They little knew
the man. He went from victory to victory, less because he was the
greatest general of his day than because he, and all his army with
him, believed himself charged by the Almighty with the defence of
his country and of his faith. The Emperor had attacked both, the
first by attempting to extend his dominion to the Baltic; but
Pommerania and the Baltic provinces were regarded by the Swedish
ruler as the outworks of his kingdom; and Sweden was Protestant.
Hence he drew the sword. "Our brethren in the faith are sighing for
deliverance from spiritual and bodily thraldom," he said to his
people. "Please God, they shall not sigh long." That was his
warrant. Axel Oxenstjerna, his friend and right hand who lived to
finish his work, said of him, "He felt himself impelled by a mighty
spirit which he was unable to resist." As warrior, king, and man, he
was head and shoulders above his time. Gustav Adolf saved religious
liberty to the world. He paid the price with his life, but he would
have asked no better fate. A soldier of God, he met a soldier's
death on the field of battle, in the hour of victory.

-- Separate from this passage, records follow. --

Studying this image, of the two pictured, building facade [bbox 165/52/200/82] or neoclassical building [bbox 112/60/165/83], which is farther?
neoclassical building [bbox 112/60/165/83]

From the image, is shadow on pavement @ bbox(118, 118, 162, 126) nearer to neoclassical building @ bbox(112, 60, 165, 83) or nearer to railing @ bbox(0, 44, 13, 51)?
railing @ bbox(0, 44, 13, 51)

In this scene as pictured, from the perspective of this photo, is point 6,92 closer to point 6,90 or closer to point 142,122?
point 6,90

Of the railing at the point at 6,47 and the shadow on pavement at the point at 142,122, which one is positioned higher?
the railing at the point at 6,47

A man of destiny he was to his people as to himself. Long years
before his birth, upon the appearance of the comet of 1577, Tycho
Brahe, the astronomer, who was deep in the occultism of his day, had
predicted that a prince would appear in Finland who would do great
things in Germany and deliver the Protestant peoples from the
oppression of the popes, and the prophecy was applied to Gustav
Adolf by his subjects all through his life.